Black Friday is very exciting for the industry and consumers alike and yet another US convention that has been exported to the UK very successfully. Taking place on 27 November this year, it has traditionally been an opportunity for High Street retailers to offload their slow sellers and excess stocks before Christmas, but with the rise in e-commerce, it has become a huge e-commerce phenomenon. Pureplay retailers have picked up on the event and see it as an opportunity to hold flash sales, but unlike the bricks and mortar stores they can and do oversell, because many don’t usually physically hold any stock and are effectively box shifting for manufacturers based on sales generated.

I had first hand experience of this after ordering a new TV in the 2014 Black Friday promotions, which was finally delivered after a one month wait and many irate discussions with the retailer’s customer services team. All this was in spite of my having pre-booked a delivery slot as offered. It was clear both the online retailer and manufacturer had been totally overwhelmed by demand and could not offer the service they had promised to their customers. They had no visibility of where the item was after the sale and were unable to tell me whether it had been picked or dispatched. Had I known the possible delays I would have sourced my new TV locally and probably just paid a bit more.

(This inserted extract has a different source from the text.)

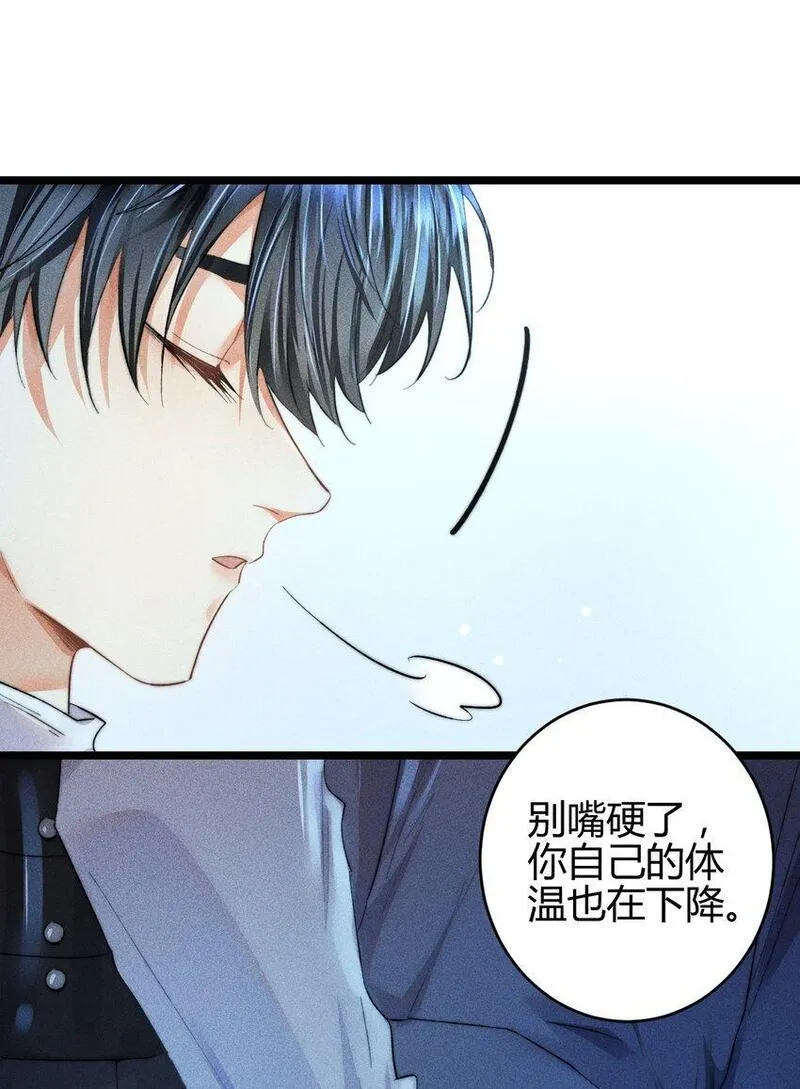 高塔排名漫画,20 2F：兄弟12图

As a result of experiences like these, which were caused by exceptional short-term demand, consumers may be less inclined to believe delivery promises made online because they will have already had a negative experience. Last year a lot of retailers made similar mistakes and overpromised on their Black Friday offerings. I certainly won’t be making the same mistake this year on Black Friday. In the future, retailers and manufacturers need to be very careful when organising special promotions to ensure they can actually be fulfilled. New online review services like Reevoo mean an online retailer’s reputation can be damaged very seriously if customers post that they did not get their goods as promised when they placed the order.

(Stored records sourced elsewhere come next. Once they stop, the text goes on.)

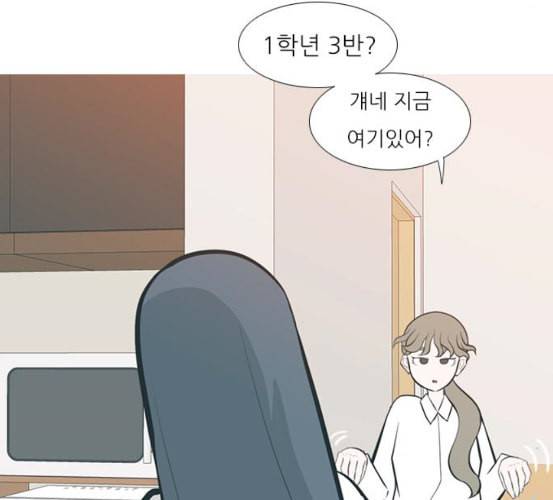 연놈 245화 각자가 맡은 책임 67
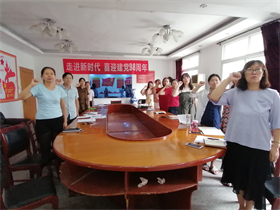 我院召開九月支部主題黨日活動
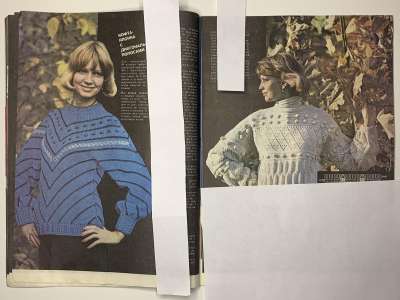 Фотография №6 книги Вязание. Альбом моделей. 1986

Retailers need to be more realistic about what they can and cannot fulfill and they need to give their customers a more realistic and honest delivery projection. This way, the customer can decide whether they want to buy the goods at a cheap price but then have to wait for them to arrive, or go to the High Street, pay slightly more, but be able to take the item the same day.

To some degree, automated warehouse systems can help ease the strain of events like Black Friday by helping to pick and dispatch goods faster, but only to a point. If a business has been totally overwhelmed by an unprecedented level of orders, automation won’t compensate for a lack of forward planning. Equally, smaller retailers cannot justify spending many thousands on automated systems just to satisfy a handful of spikes in business volume - they would be better placed to devote that capex towards more general operational improvements to benefit the business as a whole over the year.

If retailers want to take advantage of Black Friday sales opportunities, they need to have a good plan in place, recruit any extra staff needed and have contracts with parcel carriers in place to enable them to fulfil orders in line with customer expectations. If delivery times will be longer than usual, they need to be honest with customers so they can decide upfront whether to place the order anyway because the price warrants a slight wait for the goods, or go elsewhere and possibly pay a premium.